The Commission cases often have parallel criminal actions. While the filing of parallel criminal charges can aid the Commission’s investigation, it can also result in a type of frozen chaos in which the agency case remain frozen pending the resolution of the criminal charges but actually evolving as the criminal cases move forward as evidence is developed that can and will be used in all of the cases. This seems to the situation with in the Commission’s latest case in this area, SEC v. Weinstein, Civil Action No. 3:23-cv-03848 (D.N.J. Amended Complaint filed July 12, 2024).

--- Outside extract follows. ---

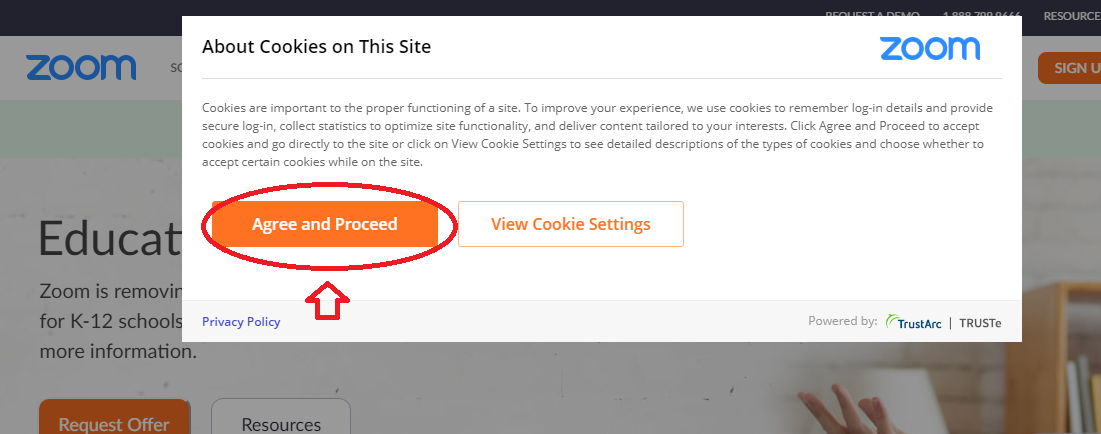 accetta i cookie del sito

The creators of the scheme: Defendant Eliyahu Weinstein is the creator of a scheme that seems to have spawned not just the Commission’s case but a series of related criminal actions. He is currently a resident of the Monmouth County Correctional Institution in Freehold Township, New Jersey and a named defendant in U.S. v. Eliyahu Weinstein, No. 23 MJ-03038 (D.N.J.). Prior to being arrested he used the name Mike Konig in the scheme which spawned the cases here.

Initially Defendant Weinstein concealed two prior felony fraud convictions from investors and some of his confederates. As the Commission’s case moved forward, the parallel criminal cases emerged, charging members of the scheme and making deals based on cooperation. Those actions resulted at least in part in the new amendment to the Commission’s complaint. That complaint now includes eight defendants, some of whom have been named in parallel criminal cases. In addition to Mr. Weinstein, the amended agency complaint now names:

Joel L. Wittels, initially involved with the books and records. He has pleaded guilty in the criminal case listed above.

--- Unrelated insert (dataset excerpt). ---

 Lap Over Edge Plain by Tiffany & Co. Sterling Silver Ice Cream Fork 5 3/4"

Aryeh Bromberg, a member of the board of directors of Optimus Investments, Inc. He has been primarily involved in raising capital for that firm and has been named as a defendant in one of the parallel criminal cases.

Joel L. Wittels has been involved with the bookkeeping for Optimus. He pleaded guilty in March 2024 to a three count information in one of the parallel criminal cases, U.S. v. Wittels, No. 24-cr-210 (D.N.J.).

Richard M. Curry has been primarily involved with raising capital for Tryon Management Group, Inc. It was formed to interact with the other entities in the scheme. He pleaded guilty in U.S. v. Curry, 23-cr-689 (D.N.J.).

Christopher J. Anderson, co-founder of Tryon He pleaded guilty in U.S. v. Anderson, 23-cr-684 (D.N.J).

Ala Mohamed Hattab controls certain entities that acted as brokers in the cases.

Shlomo Erez, a citizen and resident of Israel who currently resides in New Jersey. He controlled the investor funds in connection one of the entities involved. He is also a licensed attorney, but not in the United States, who became involved in money laundering charges.

Origins of the scheme: In late November 2021 Defendants Weinstein, Bromberg and Wittels, through Optimus, sought to rise money from investors. Supposedly, the funds were to finance lucrative transactions for Optimus involving the supposed purchase, distribute and re-sell of health care products. Two months later Defendants Anderson and Curry formed Tryon Management Group LLC. The purpose was to raise capital to invest in Optimus through the sale of short-term promissory notes issued by Tryon.

Over the next several months Defendants Weinstein, Bromberg, Wittels, Anderson and Curry sought to raise capital in connection with the sale of the Tryon notes. Investors were solicited using a series of false statements. As the investor funds were raised, they were used in part to make Ponzi type payments.

By August 2022 the actual identity of Mr. Weinstein began to emerge. Details regarding fraudulent actions in connection with deals being made by Optimus also began to emerge. Nevertheless, the deals moved forward. Defendants collectively raised funds from at least 150 Tryon investors. At least $38 million was raised from the investors.

Current status of cases: The Commission’s complaint, which has been updated with an amendment, reflects key developments in the cases. It currently alleges violations of Securities Act Section 17(a) and Exchange Act Section 10(b). See Lit. Rel. No. 26049 (July 15, 2024). The criminal charges are evolving as the investigations move forward. Once those charges are finalized and resolved the Commission may also again amend its complaint. The agency will then move toward resolving the charges.